• What is required: Set down a true copy of the data, with all pictures left out.
§ §
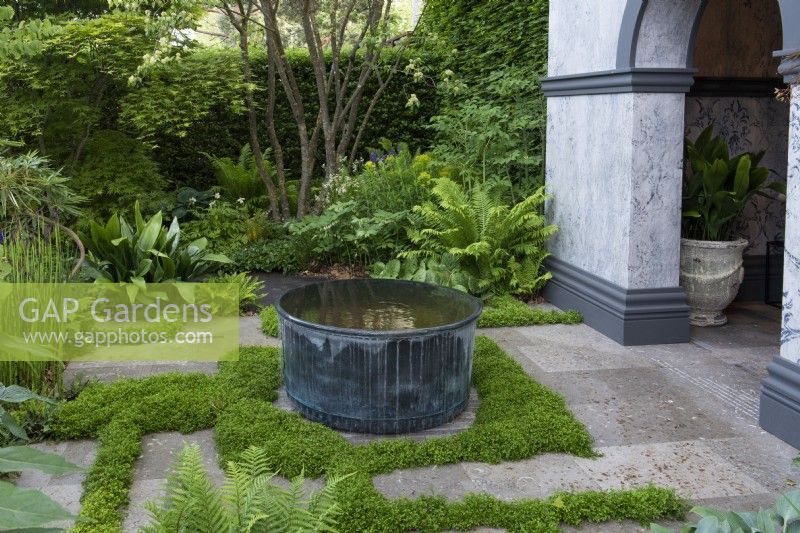 In a shady courtyard, a copper water container is encircled by baby's tears, Soleirolia soleirolii, planted in the cracks between paving slabs. 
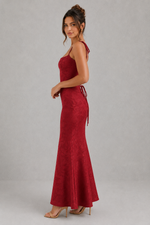 Woman wearing a red evening gown against a gray background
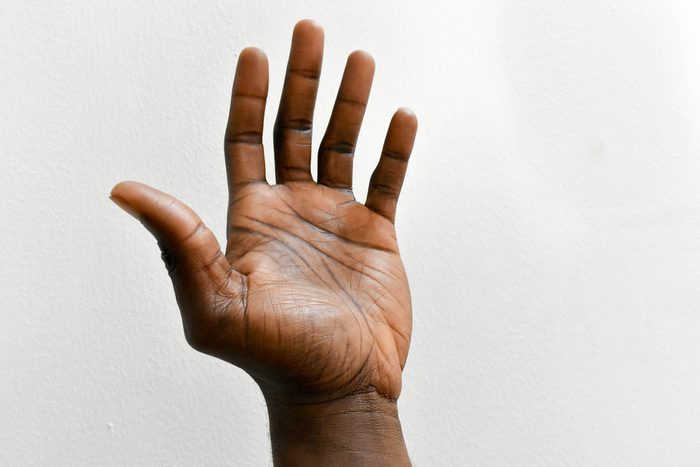 man's hand against white background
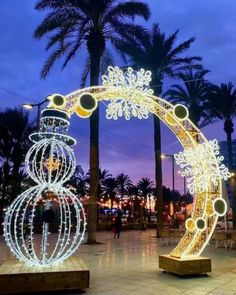 an outdoor sculpture with lights on it and palm trees in the background at night time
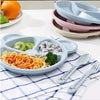 Cartoon bear divided dinner plate set with fork and spoon for toddlers, featuring food on a pastel tray.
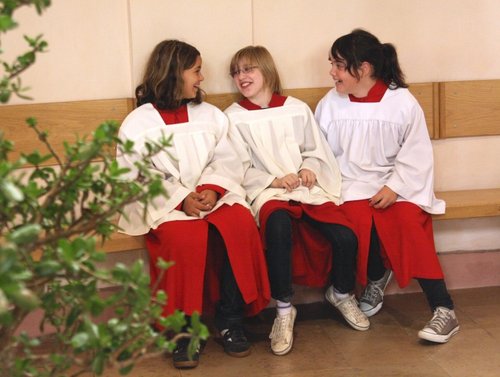 Drei Ministrantinnen sitzen lachend auf einer Bank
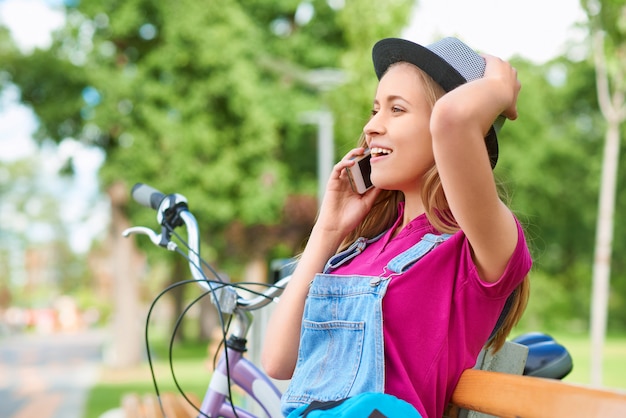 Wunderschöne junge Frau, die aufgeregt schaut, während sie am Telefon spricht, das sich im örtlichen Park entspannt gute Nachrichten Emotionen Glück Schönheit Erholung Freizeit sorglose Mobilitätstechnologie Träger Kommunikation.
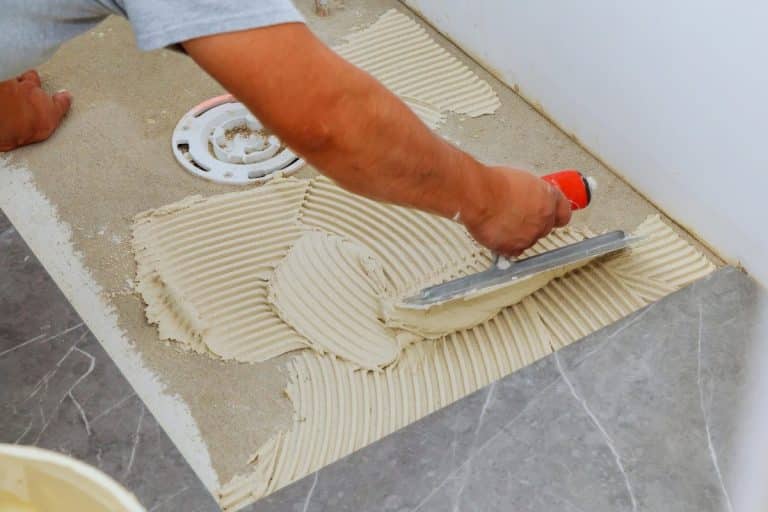 Une personne utilise une truelle pour étaler de la colle à carrelage sur le sol d'une salle de bain près d'un drain, préparant ainsi la surface pour l'installation du carrelage.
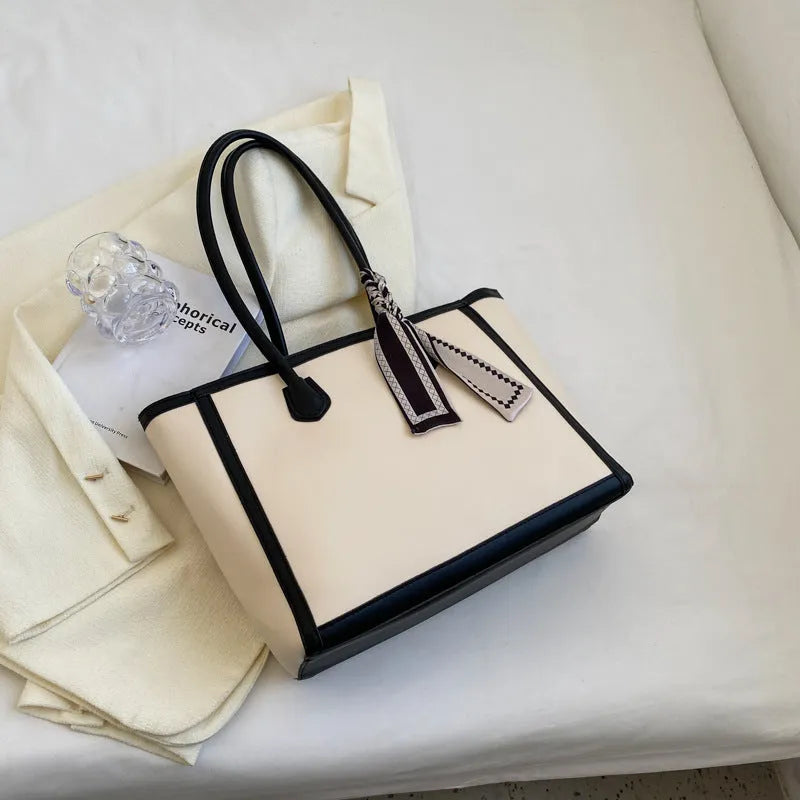 Soft PU leather winter commuter shoulder bag with open pockets and internal organisation compartments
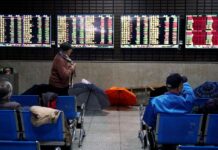 Tech lifts stocks as poor data rekindles stimulus hopes
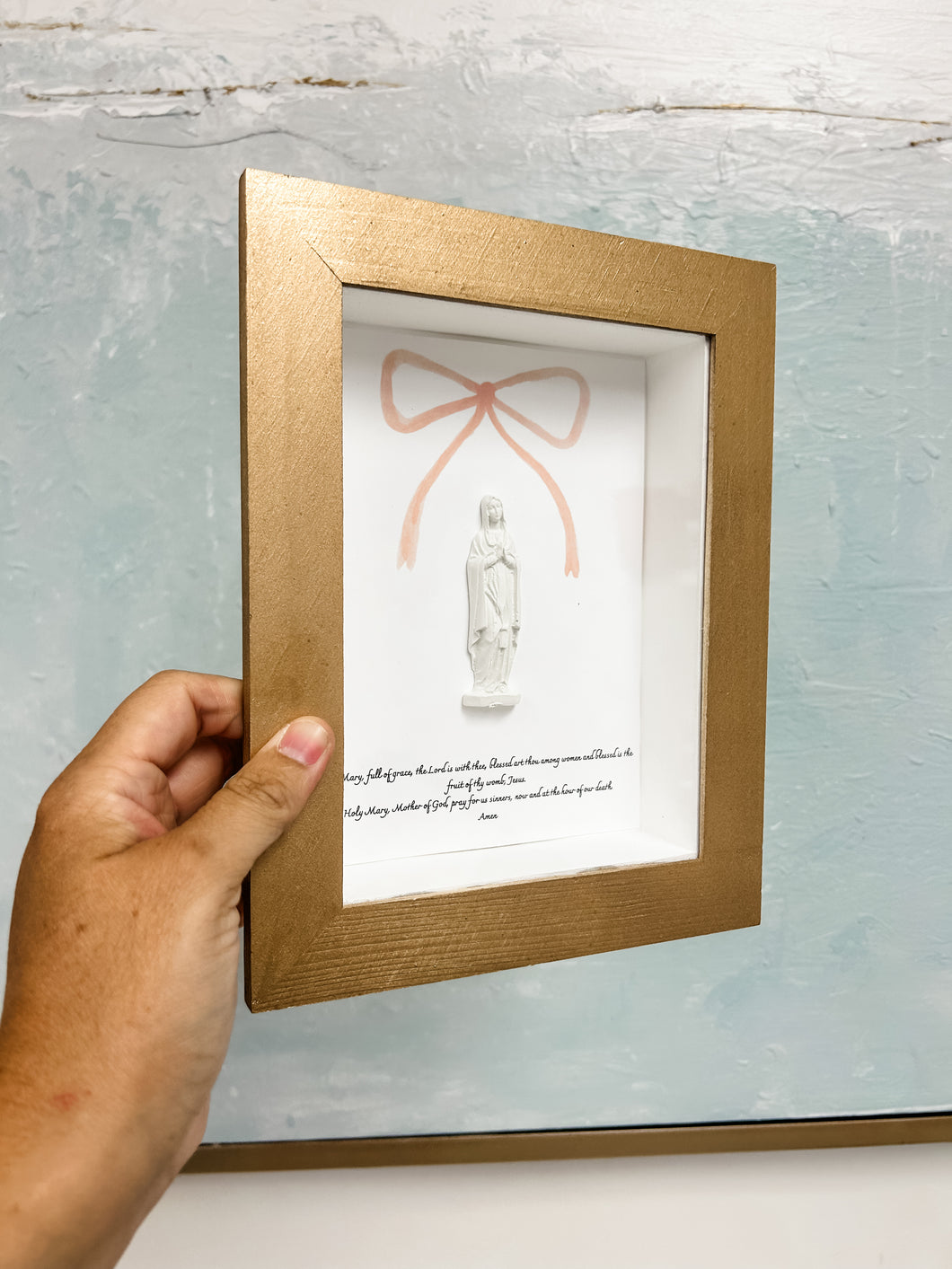 Hail Mary in display case pink cross  - Mary Abraham Collective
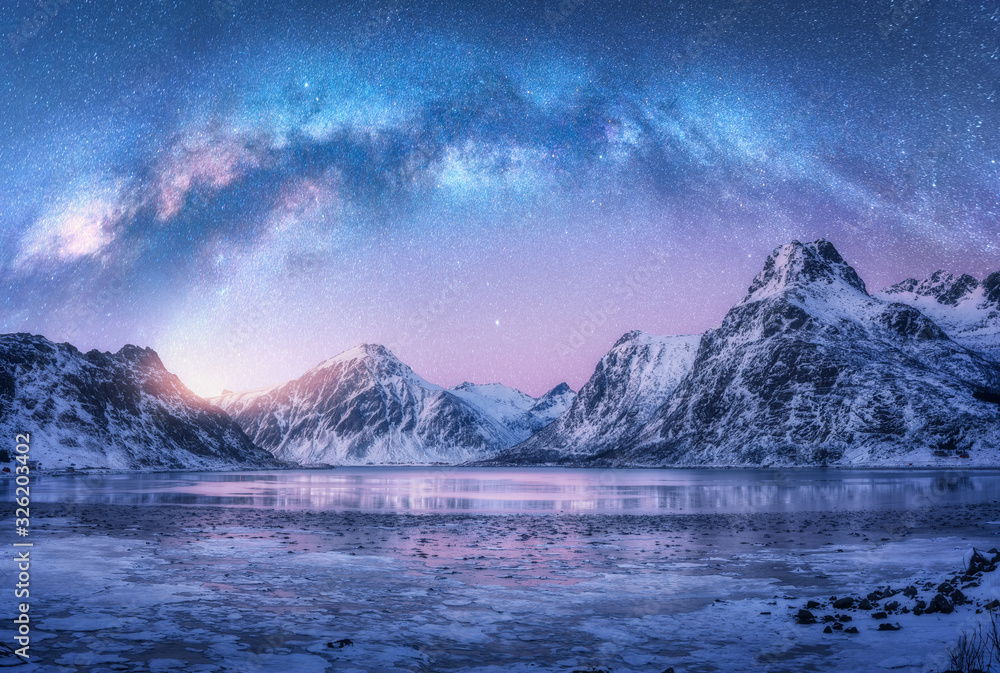 Milky Way above frozen sea coast and snow covered mountains in winter at night in Lofoten Islands, Norway. Arctic landscape with blue starry sky,  water, ice, snowy rocks, milky way. Space and galaxy - obrazy, fototapety, plakaty 
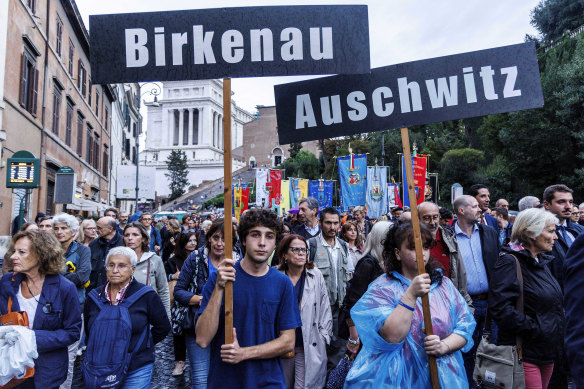 People participate in a march of remembrance marking the 80th anniversary of the round-up of the Jews of Rome in Rome on Monday.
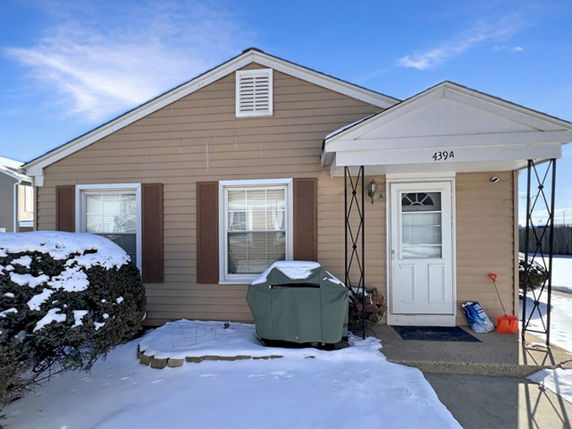 Front view of a single-story house with a covered entryway and two windows.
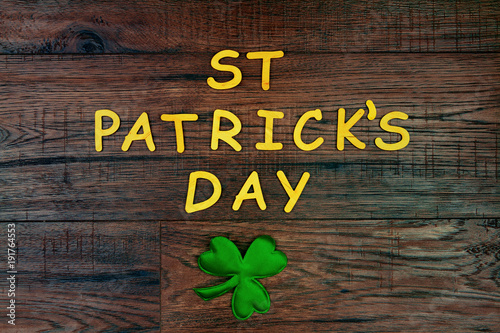 Saint Patrick's Day. Wooden letters "St Patrick's Day" lying on wooden background with green three petal clover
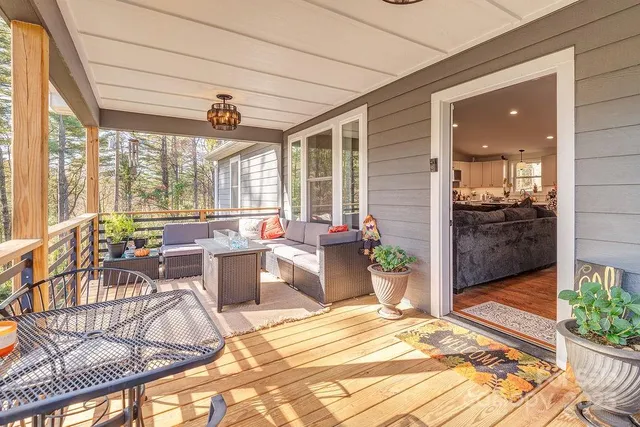 a view of a patio with a dining table and chairs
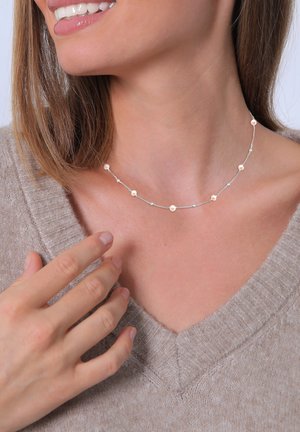 Silver necklace with small, round, rose-gold accents, featuring a delicate chain design. Worn with a beige V-neck sweater.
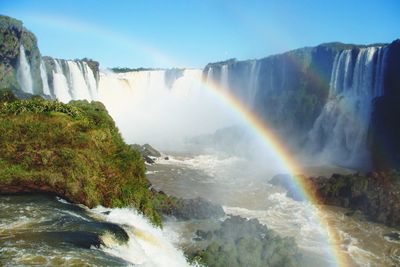 Scenic view of waterfall against rainbow in sky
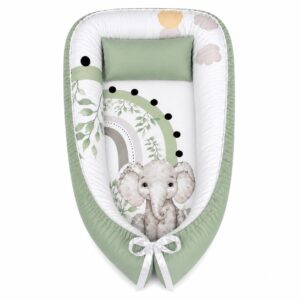 Rainbow Green Ellie baby nest with padded raised sides and a small matching head pillow, designed to create a cozy, secure sleeping space for infants.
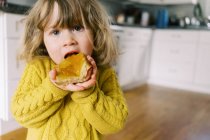 Kleines Mädchen genießt frisch gebackenes Brot mit Marillenmarmelade. — Stockfoto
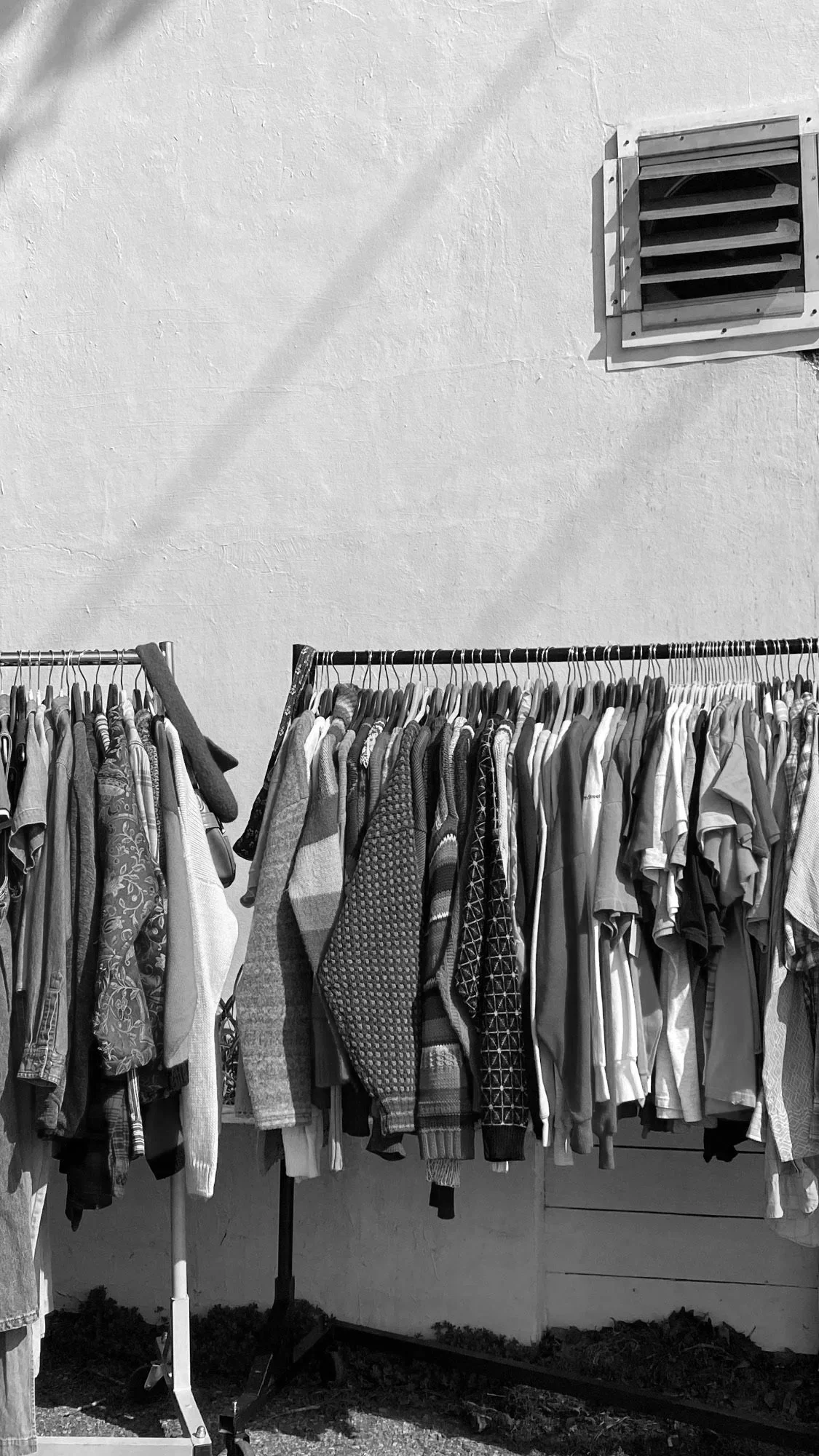 Clothes hanging on two racks outside near a white wall with a small ventilation window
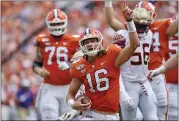  ?? RICHARD SHIRO — THE ASSOCIATED PRESS ?? Clemson quarterbac­k Trevor Lawrence (16) reacts after scoring a touchdown in a convincing win over Florida State last week, when the No. 3Tigers got their “edge” back.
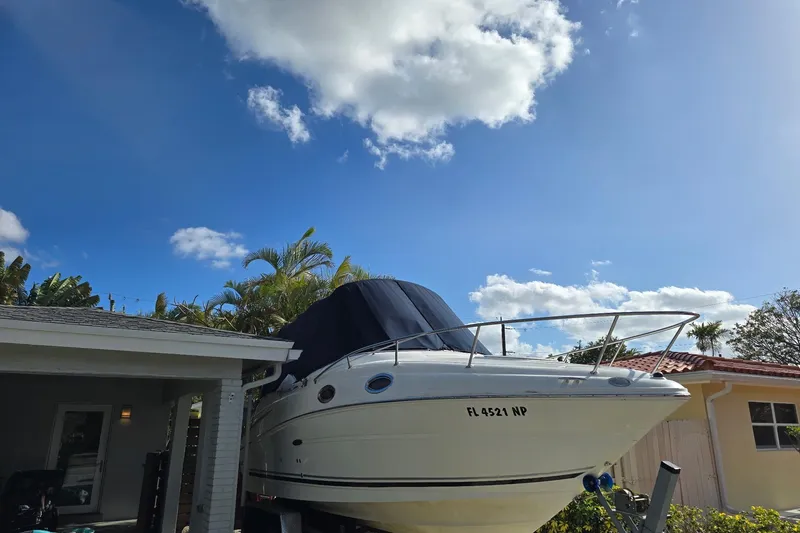 Slide: The Image of 2007 Sea Ray 240 Sundancer boat parked beside a house under a clear blue sky. - 55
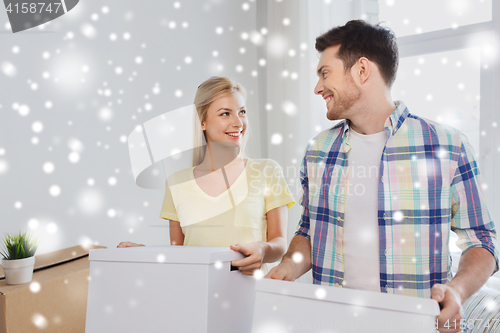 Image of smiling couple with big boxes moving to new home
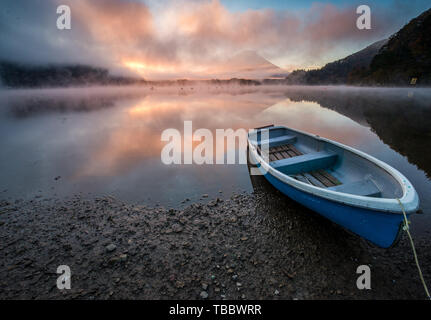 Beautiful mystical sunrise at Lake Shōji with Mount Fuji as a backdrop and a row boat in the foreground Stock Photo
§ §
• Solution for this problem:
 In a shady courtyard, a copper water container is encircled by baby's tears, Soleirolia soleirolii, planted in the cracks between paving slabs. 
 Woman wearing a red evening gown against a gray background
 man's hand against white background
 an outdoor sculpture with lights on it and palm trees in the background at night time
 Cartoon bear divided dinner plate set with fork and spoon for toddlers, featuring food on a pastel tray.
 Drei Ministrantinnen sitzen lachend auf einer Bank
 Wunderschöne junge Frau, die aufgeregt schaut, während sie am Telefon spricht, das sich im örtlichen Park entspannt gute Nachrichten Emotionen Glück Schönheit Erholung Freizeit sorglose Mobilitätstechnologie Träger Kommunikation.
 Une personne utilise une truelle pour étaler de la colle à carrelage sur le sol d'une salle de bain près d'un drain, préparant ainsi la surface pour l'installation du carrelage.
 Soft PU leather winter commuter shoulder bag with open pockets and internal organisation compartments
 Tech lifts stocks as poor data rekindles stimulus hopes
 Hail Mary in display case pink cross  - Mary Abraham Collective
 Milky Way above frozen sea coast and snow covered mountains in winter at night in Lofoten Islands, Norway. Arctic landscape with blue starry sky,  water, ice, snowy rocks, milky way. Space and galaxy - obrazy, fototapety, plakaty 
 People participate in a march of remembrance marking the 80th anniversary of the round-up of the Jews of Rome in Rome on Monday.
 Front view of a single-story house with a covered entryway and two windows.
 Saint Patrick's Day. Wooden letters "St Patrick's Day" lying on wooden background with green three petal clover
 a view of a patio with a dining table and chairs
 Silver necklace with small, round, rose-gold accents, featuring a delicate chain design. Worn with a beige V-neck sweater.
 Scenic view of waterfall against rainbow in sky
 Rainbow Green Ellie baby nest with padded raised sides and a small matching head pillow, designed to create a cozy, secure sleeping space for infants.
 Kleines Mädchen genießt frisch gebackenes Brot mit Marillenmarmelade. — Stockfoto
 Clothes hanging on two racks outside near a white wall with a small ventilation window
  ?? RICHARD SHIRO — THE ASSOCIATED PRESS ?? Clemson quarterbac­k Trevor Lawrence (16) reacts after scoring a touchdown in a convincing win over Florida State last week, when the No. 3Tigers got their “edge” back.
 Slide: The Image of 2007 Sea Ray 240 Sundancer boat parked beside a house under a clear blue sky. - 55
 Image of smiling couple with big boxes moving to new home
 Beautiful mystical sunrise at Lake Shōji with Mount Fuji as a backdrop and a row boat in the foreground Stock Photo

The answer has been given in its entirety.